Hmm ich hoffe Dein English ist einigermaßen passabel,
dann solltest Du Dir auf jeden Fall diese Seite reinpeifen:

http://www.pakula.com/book/04 Trolling.htm


Generell gilt, dass die kurz gehalten Lures direkt am Heck mit kürzeren Ruten geschleppt werden und längere Ruten mit längerer Schleppleine weiter vorn zu Bootsmitte hin besser platziert sind.
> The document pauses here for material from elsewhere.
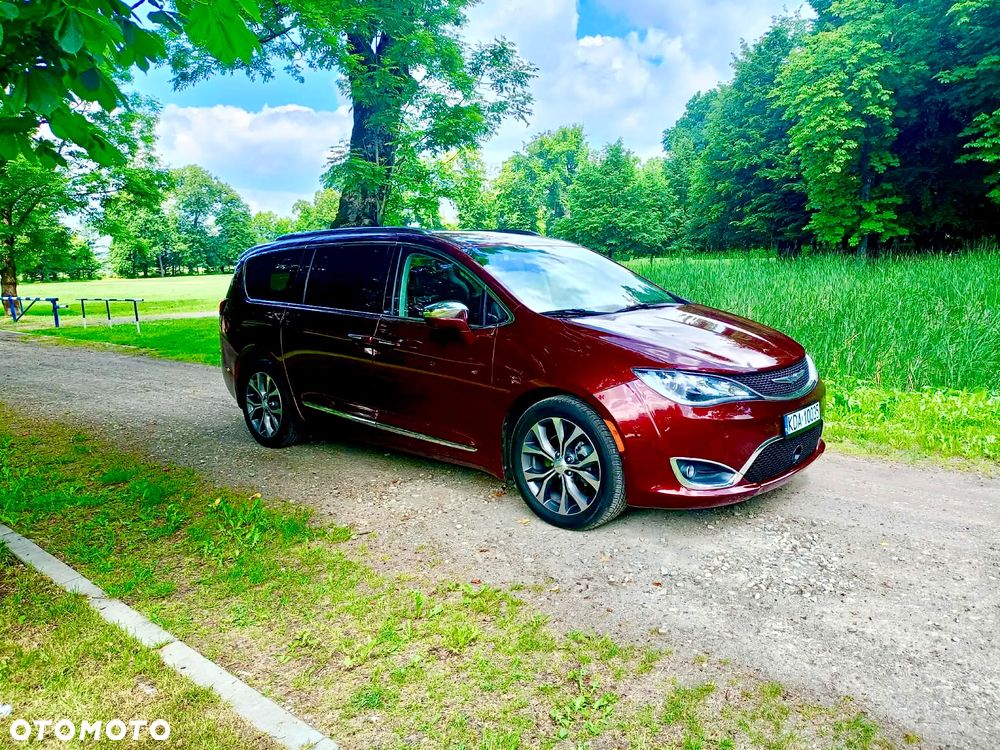 Chrysler Pacifica - 1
Bei Kurven wandern die Lures weit aus dem Schraubenwasser und kommen so den kurzen Ruten nicht ins Gehege.

Wenn Ihr Wobbler  und Lures gleichzeitig schleppen wollt, solltet Ihr die Wobbler in etwa auf gleicher Höhe schleppen, da diese bei Kursänderungen wesentlich langsamer wieder ins Schraubenwasser zurückkehren als Oberflächenköder.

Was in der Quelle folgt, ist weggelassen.